Тверь как столица самостоятельного княжества представляет собой одну из великих случайностей русской истории. Лишенное древней традиции и
перспектив территориального роста, малонаселенное и бедное хорошими почвами, Тверское княжество вполне могло бы через несколько десятилетий своего существования вновь раствориться среди лесов, рек и болот, из которых оно так неожиданно восстало к жизни в середине XIII в. Этого, однако, не произошло. Напротив, на берегах Волги сложилось сильное и устойчивое государство, длительное время претендовавшее на первенство в Северо-Восточной Руси и поглощенное Москвой лишь в самую последнюю очередь, несмотря на соседство тверских земель с московскими.

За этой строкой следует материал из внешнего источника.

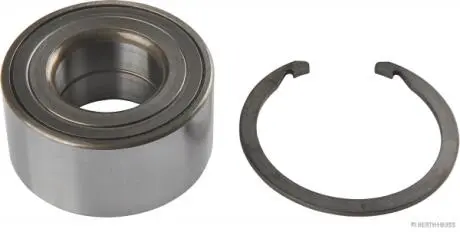 Подшипник ступицы передн. MITSUBISHI LANCER, OUTLANDER JAKOPARTS J4705030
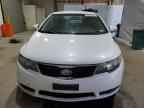 2012 KIA FORTE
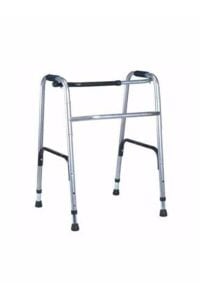Walker Wolker Hasta Yürüteç Katlanır Volkır Rollatör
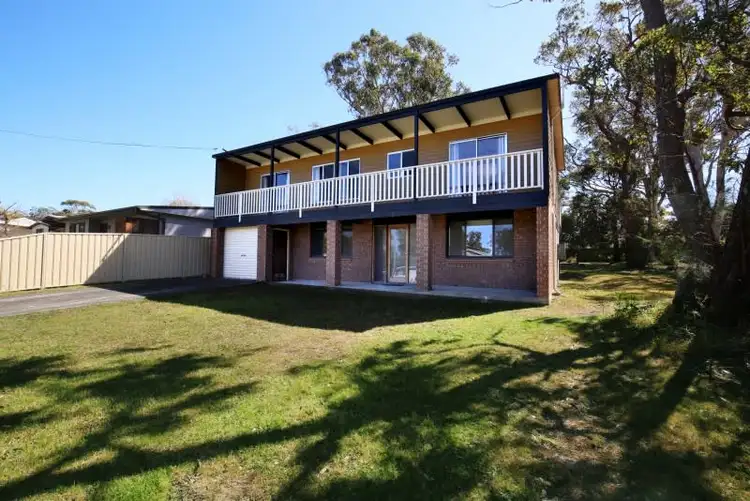 Second view of Homely house listing, 31 Orient Point Road, Culburra Beach NSW 2540
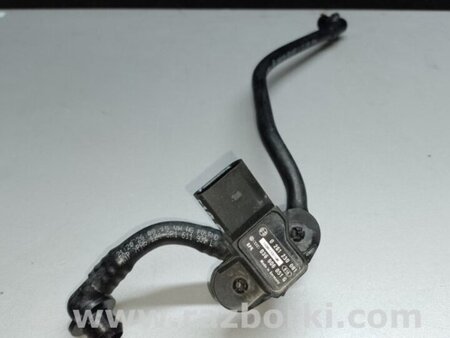 ФОТО Датчик вакуумного підсилювача для Audi (Ауди) Q5 I 8R (08-17) Київ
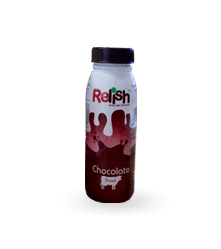 Relish Snacks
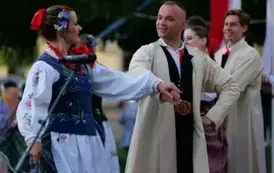 Jubileusz 600-lecia Mrzygłodu przeszedł do historii 3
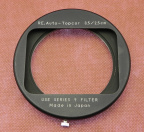 Topcon 2.5cm f3.5 Lens Hoods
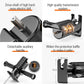 💥 50% Rabatt! 🔧 Säbelsäge-Adapter für Bohrmaschinen – verwandelt Bohrer in Säge. Stahl-Sägeblatthalter, ergonomischer Griff. Inklusive 3 Sägeblätter (Holz, Metall, Kunststoff). Max. Aufnahme Ø 10 mm ⚡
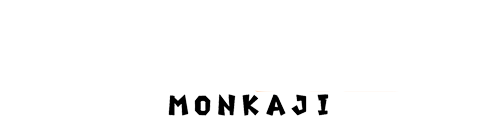 Monkaji logo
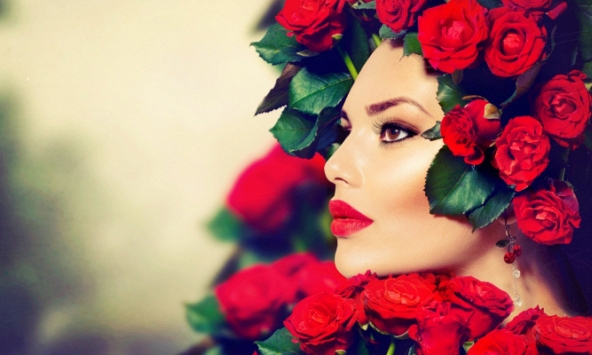 Đàn bà làm đẹp cho ai?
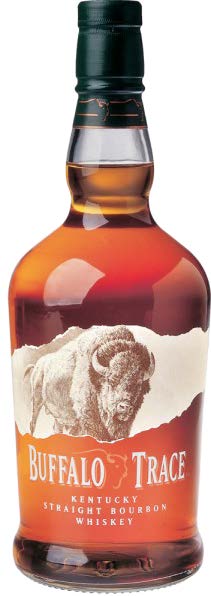 BUFFALO TRACE BOURBON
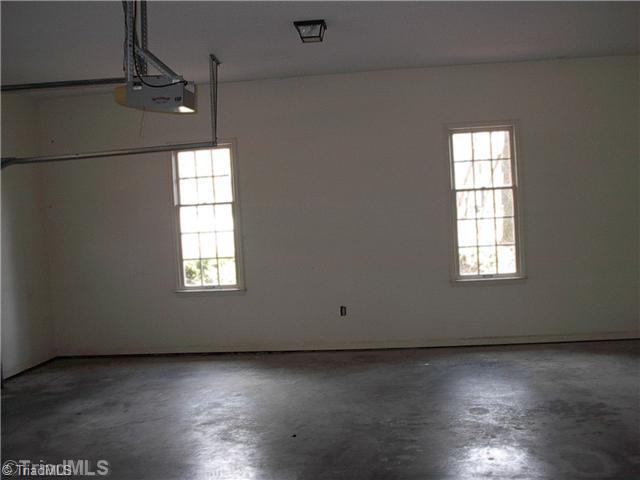 4246 Wayne Road Greensboro, NC 27407 - Photo 16 of 16 Parking Lot/Garage.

Причины такого развития Тверского княжества также следует искать в его предыстории, но предыстории более ранней, чем события в Верхневолжье XII — начала XI II в. Сильнейшее влияние на Тверское княжество оказали киевские и владимирские политические традиции, воспринятые тверскими князьями. Существенно отличаясь от большинства русских земель по своему происхождению, военной организации, силе княжеской власти, Тверь, тем не менее, вступила в большую политическую игру Северо-Восточной Руси, согласившись “играть” по издревле существовавшим правилам.